---------- Task input ----------

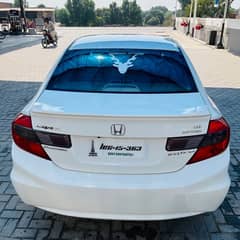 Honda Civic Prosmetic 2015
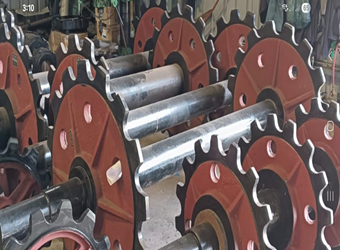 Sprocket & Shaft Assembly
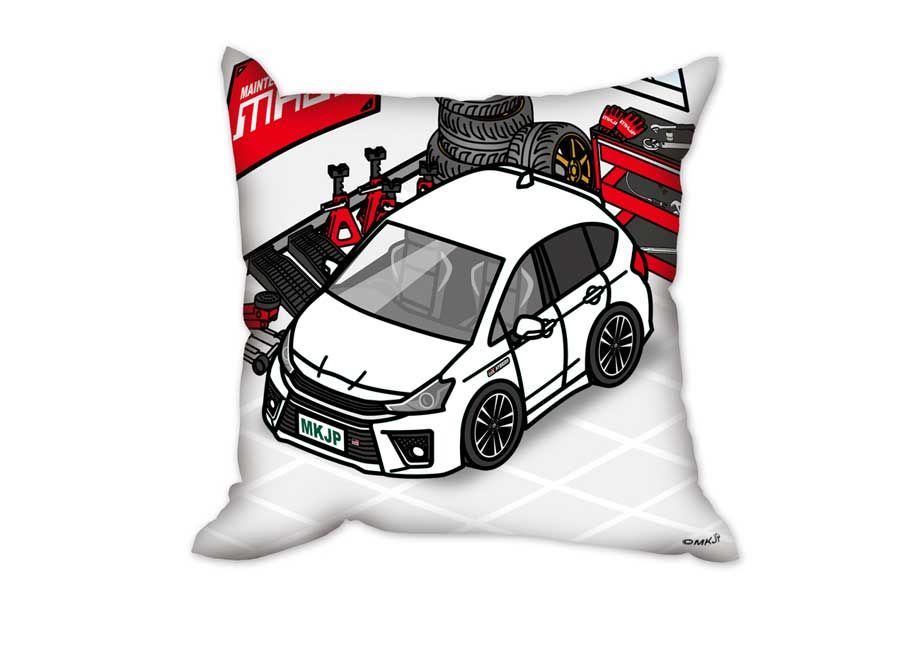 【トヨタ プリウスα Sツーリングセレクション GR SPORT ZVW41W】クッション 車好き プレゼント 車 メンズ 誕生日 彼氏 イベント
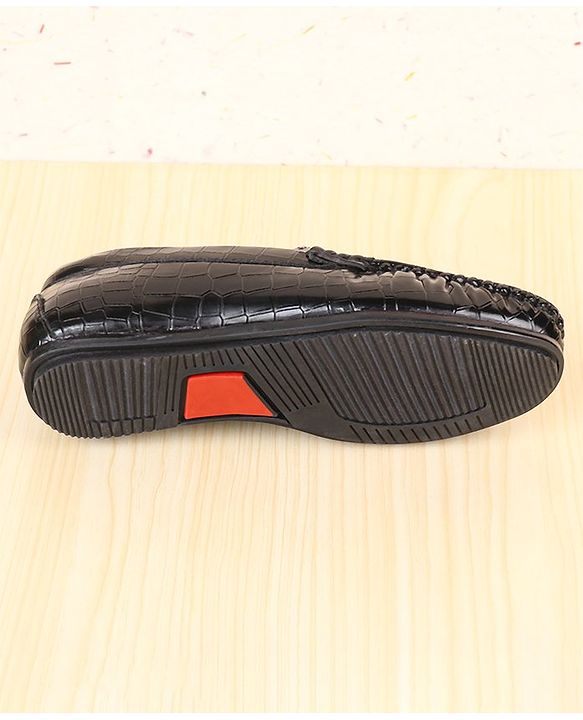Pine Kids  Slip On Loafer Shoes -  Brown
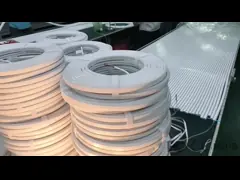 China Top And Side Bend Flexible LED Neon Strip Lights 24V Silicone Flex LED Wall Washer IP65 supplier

----------

Reproduce word for word the lines from the line holding "Sprocket & Shaft Assembly" through the last line of the material above, inclusive, and keep pictures out of it.

- Answer space -
 Sprocket & Shaft Assembly
 【トヨタ プリウスα Sツーリングセレクション GR SPORT ZVW41W】クッション 車好き プレゼント 車 メンズ 誕生日 彼氏 イベント
Pine Kids  Slip On Loafer Shoes -  Brown
 China Top And Side Bend Flexible LED Neon Strip Lights 24V Silicone Flex LED Wall Washer IP65 supplier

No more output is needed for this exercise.